Kandilli’deki İoki, usta bir iç mimarın elinden çıkmış, geleneksel bir Japon evinin sadeliğinde döşenmiş, küçük ama son derece sevimli, klasik Japon yemeklerini tadabileceğiniz bir mekan.
Restorancılık nankör sektör; her şeyi düşünür, dünya kadar yatırım yapar, ekip oluşturup yola çıkarsınız. Müşteri hoşgörüsüzdür. Bir şeyler ters gittiğinde “Madem her şey tam değil, o zaman ne diye açtın?” diye düşünür müşteri; haklıdır da.

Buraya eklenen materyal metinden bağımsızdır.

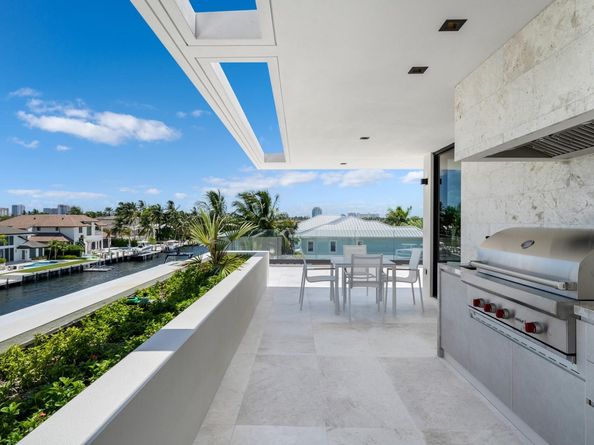 1721 SE 11th St, Fort Lauderdale FL 33316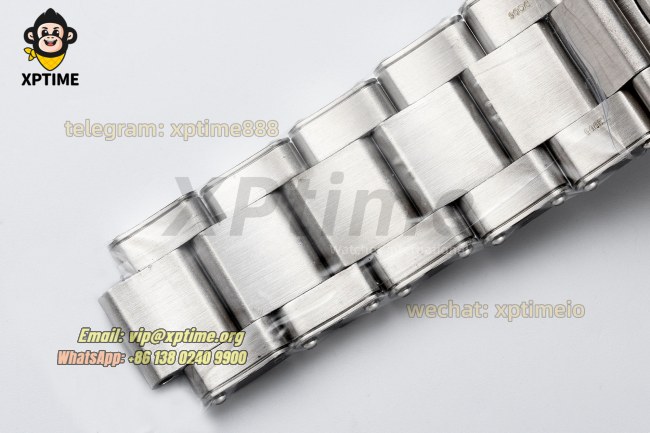 Black Bay M79230N 41mm ZF Black/Dot on SS/SS Bracelet A2824 Black Bay M79230N 41mm ZF Black/Dot on SS/SS Bracelet A2824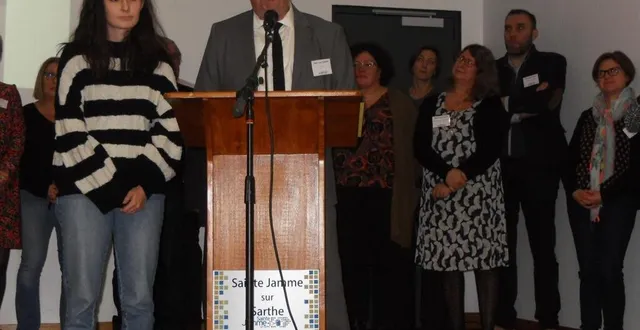 photo  jean-luc suhard présentant clara evrard, qui participera aux jeux olympique de paris.  &copy;  le maine libre 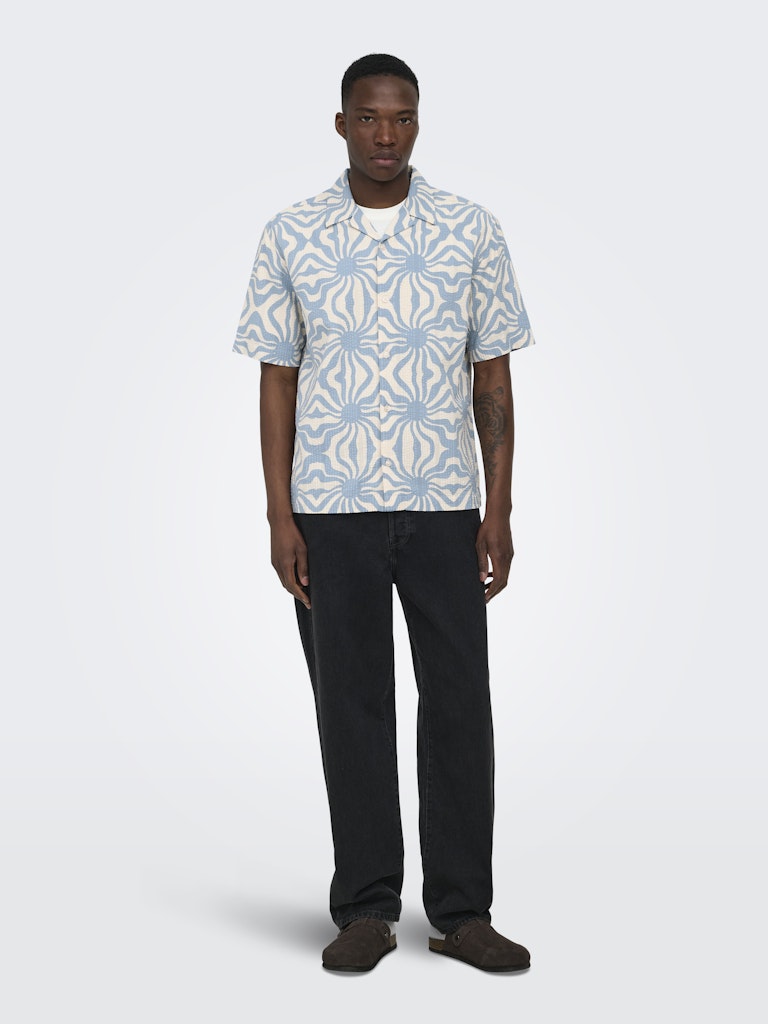 ONSCRUZ RLX SEERSUCKER RESORT SS SHIRT - Dusty Blue/AOP Antigue White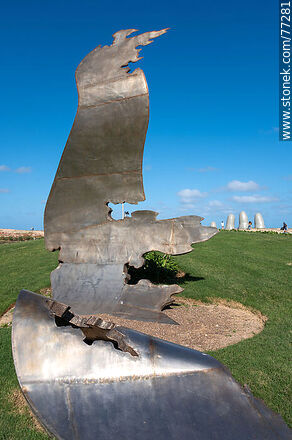 Sculptures in front of Brava Beach at Parada 1 - Punta del Este and its near resorts - URUGUAY. Photo #77281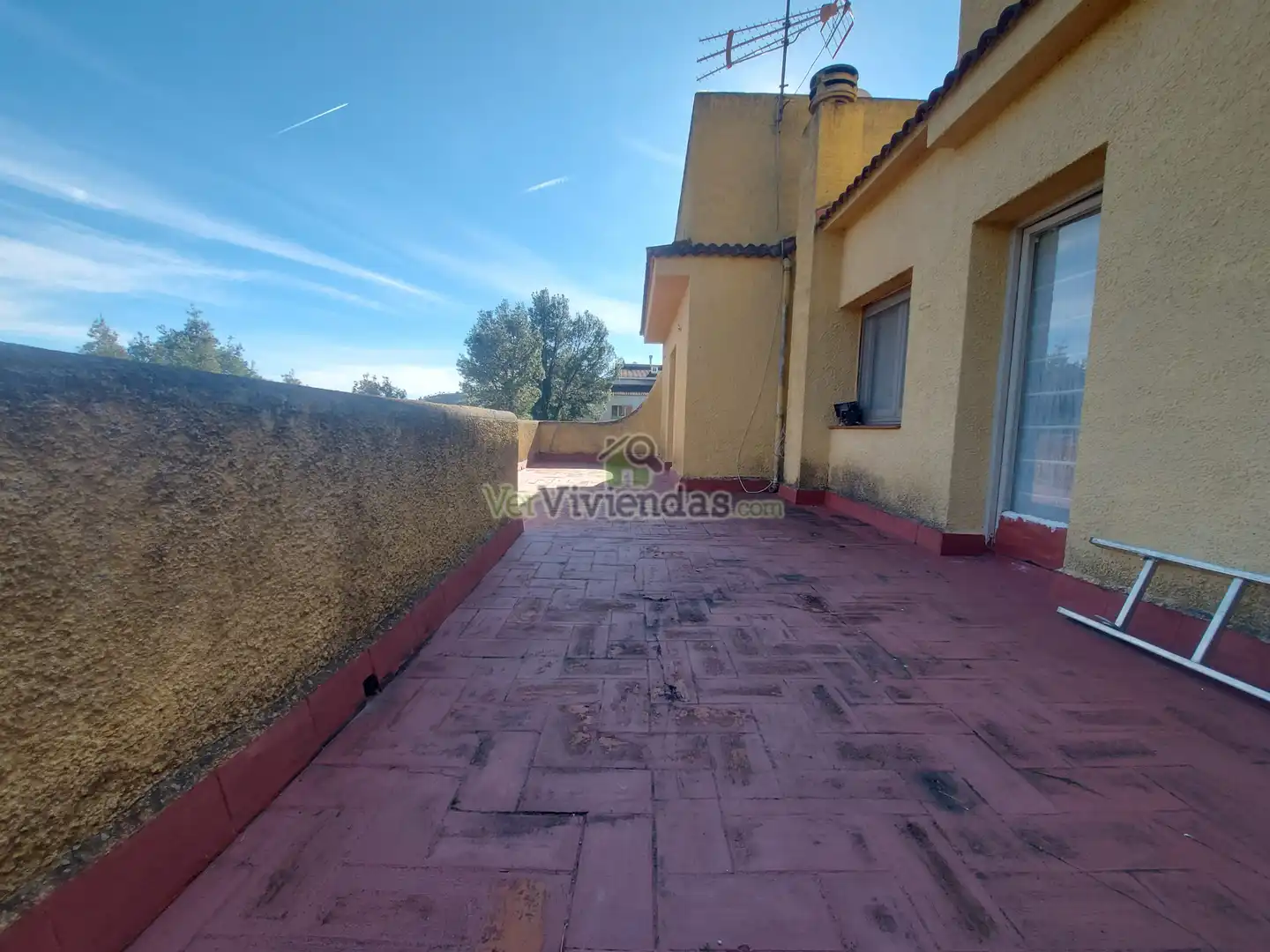 Vista exterior de Casa o chalet en venta en Vallirana con Calefacción, Jardín privado y Terraza
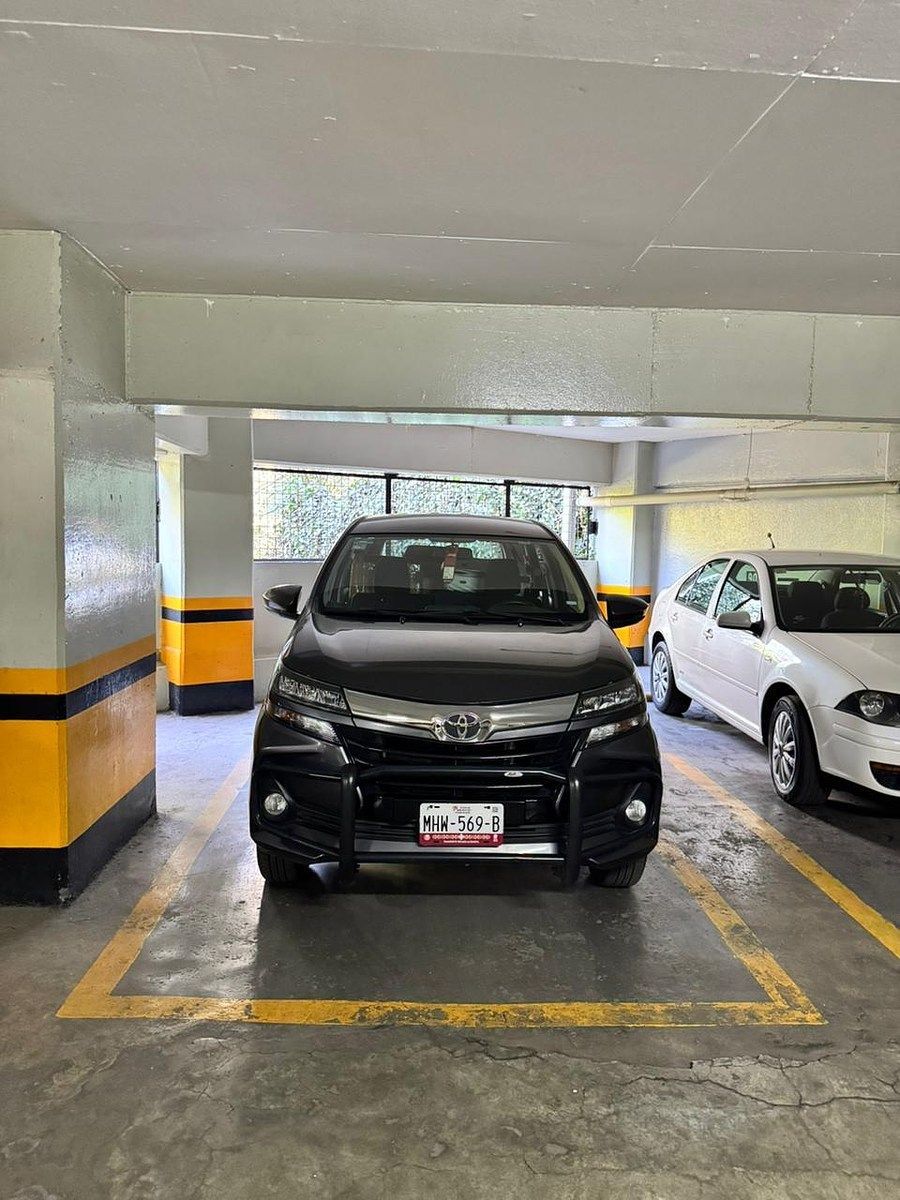 23 de 39: Tres cajones de Estacionamiento techados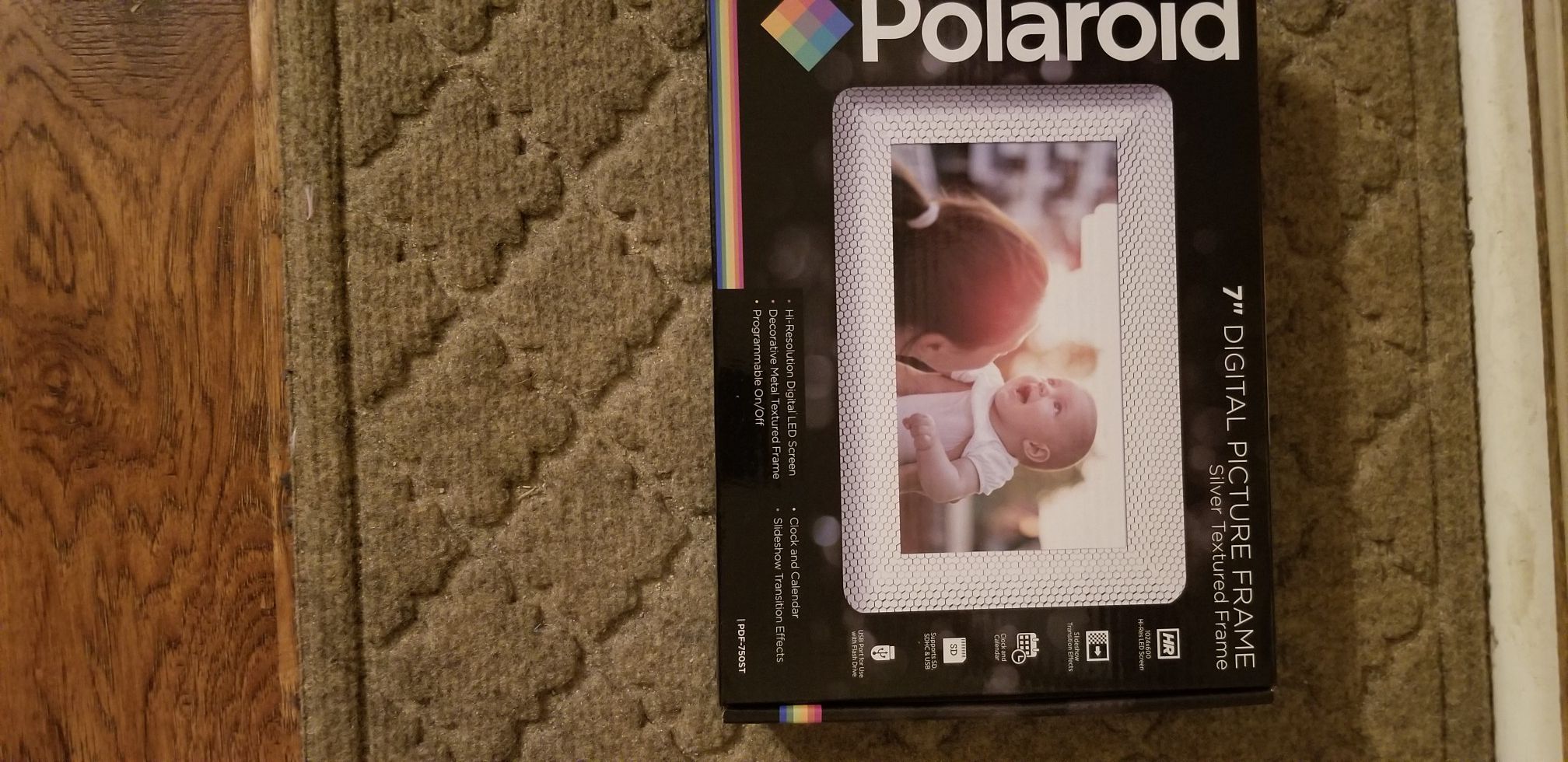 Brand new Polaroid 7inch digital picture frame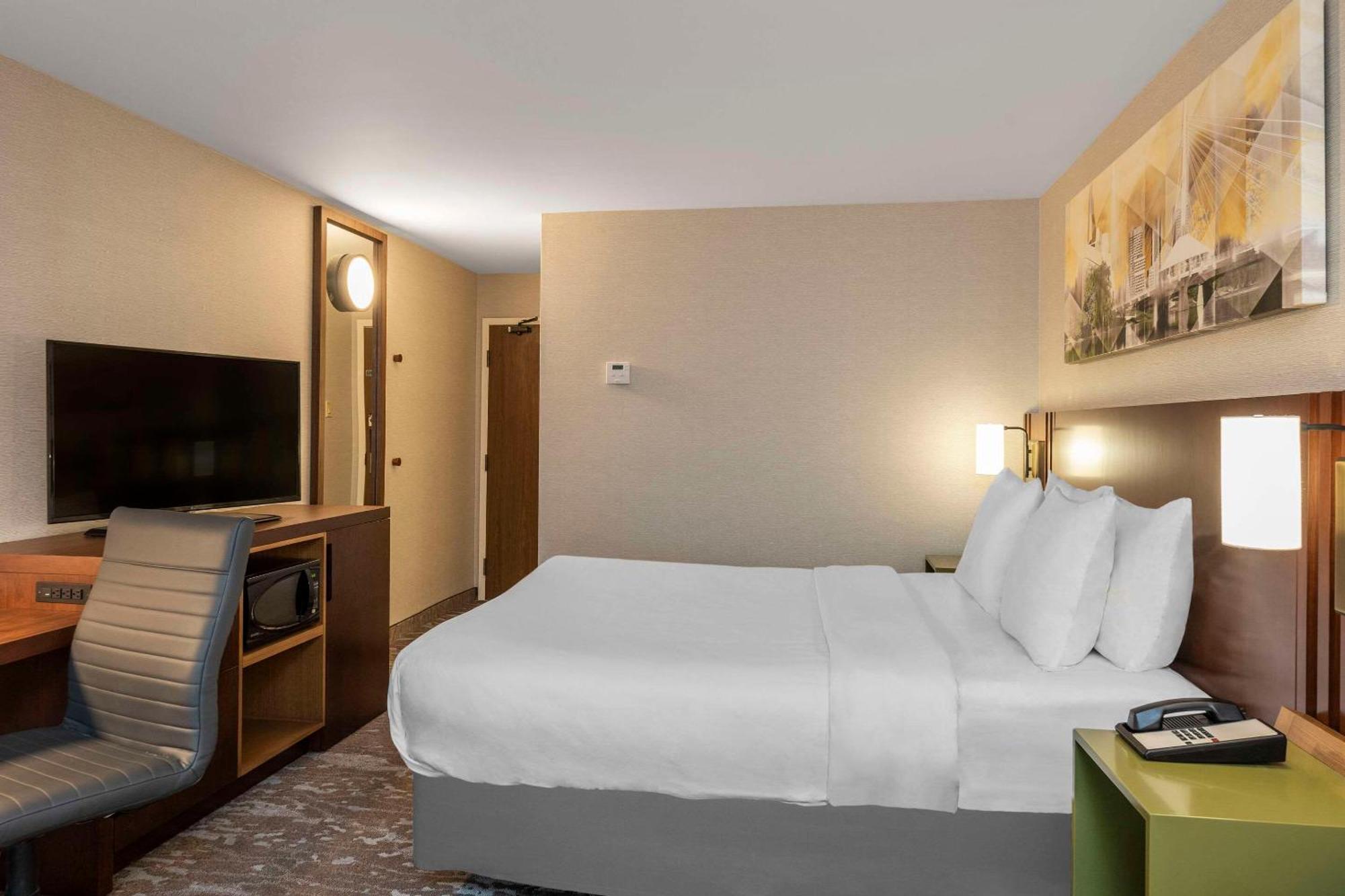 Comfort Inn East Sudbury Exterior foto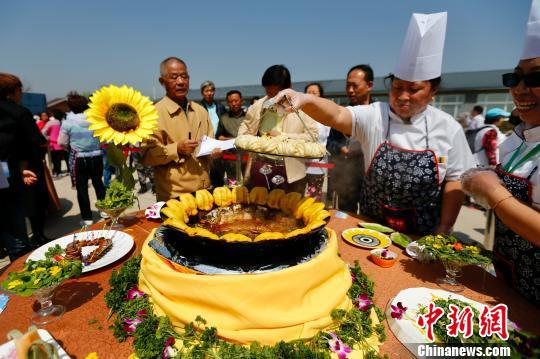 26日，2018年“世园花宴”美食节暨第六届妫州牡丹园文化节在京举行。　富田 摄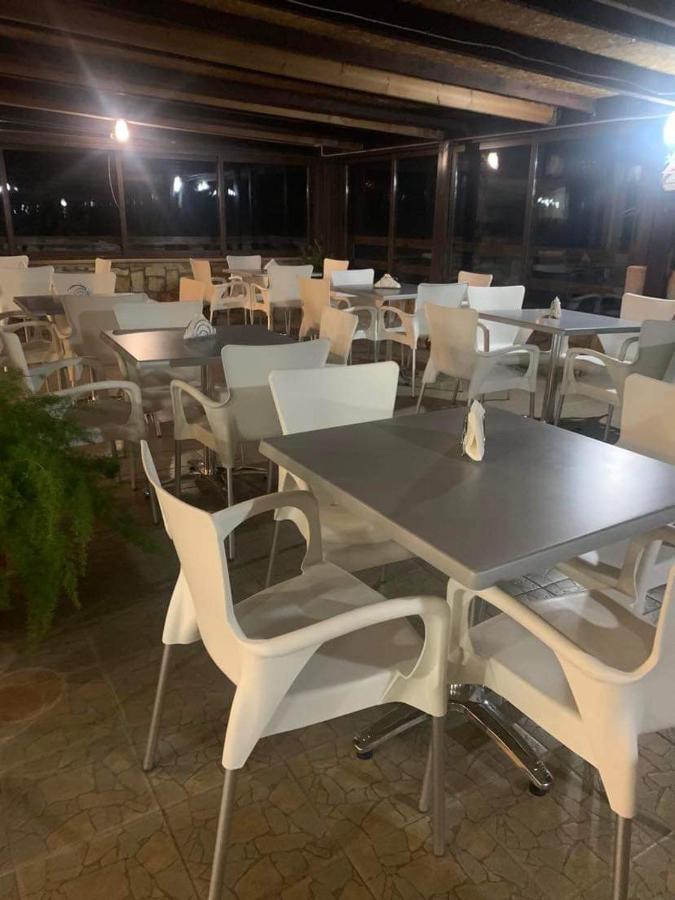Prastio  Extreme View Cafe And Rooms To Let מראה חיצוני תמונה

Hele bir de benim gibi mesleği gereği restoranları dolaşıp izlenimlerini yazan biri, hiçbir şeyin oturmadığı bir zamanda gelir, birbiri ardından aksaklıklar yaşarsa, oturur, restoran hakkında, sahiplerinin hiç hoşuna gitmeyecek bir de yazı yazar. Japonya’daki gibi usta olmak için 10 yıl emek vermesinden vazgeçtim; yeter ki hızlandırılmış suşi kursundan terk suşici bu işe heveslenmesin. Ama heyhat, yediğim suşiler hep beni hayal kırıklığına uğratır. İki yıl kadar önce, Poligon Mahallesi’nde yeni bir Japon restoran ve suşi barı merakımı uyandırmıştı. Ama içerinin havalandırması, yemeklerin özensiz sunumu ve servis yöneticisinin tavrı üst üste gelmiş, bu mekan hakkındaki oldukça olumsuz yazımı “Sanırım ben suşi barlardan uzak kalmaya devam edeceğim,” diye bitirmiştim. Geçende Boğaz’ın Anadolu yakasında oturan yakınım bir karı koca Kandilli’deki bir Japon restoranına övgüler yağdırıp, beni akşam yemeğe davet etti; meğer iki yıl önce gittiğim İoki adlı mekanın Kandilli şubesiymiş. Kaderime razı oldum.
Mükemmel suşi
Burası usta bir iç mimarın elinden çıkmış, bir Japon evinin sadeliğinde döşenmiş, küçük ama son derece sevimli bir mekandı. Arka tarafta Japon usulü yerde yemek isteyenler için bir bölme vardı. Yazın teras da devreye giriyormuş. Fenerbahçe maçı nedeniyle gittiğimizde restoran boşalmıştı. Tezgahın arkasında çekik gözlü aşçılar dikkatimi çekti. Usta Japonmuş ve biri Taylandlı, biri de Japon kökenli Perulu iki yardımcısı varmış. Yakınlarım gerçek suşi tutkunları. Suşileri onlar belirledi. Bense ortaya biri hardal sos ve lahana salatası ile sunulan tavuk tempura, öteki ızgarada pişmiş özel sosunda marine edilmiş, yanında sebzeler ve yumurtalı pilavla getirilen bonfile dilimlerini seçtim. Bir de klasik Japon miso çorbası söyledim. Yemekte içki yerine yasemin çayı içtik. Tattığım çeşitli kategorilerden suşiler mükemmeldi. Aynı övgüyü Japonca adı Tori’no Karaage olan tavuk yemeği ve Gyu’no shogayaki denen ağızda eriyen bonfile için de tekrarlayabilirim. Siparişi abartmışız, hepsini bitiremedik; tatlı da istemedik, yasemin çayına devam ettik ve bu güzel ortamda sohbeti sürdürdük. Makul fiyat ödediğimiz hesabı son kuruşuna kadar helal edip ayrıldık. Şimdi merakım, iki yıl önce beni mutsuz eden esas restoranın bugün şubesi kadar iyi olup olmadığı. Kısa zamanda gidip öğreneceğim.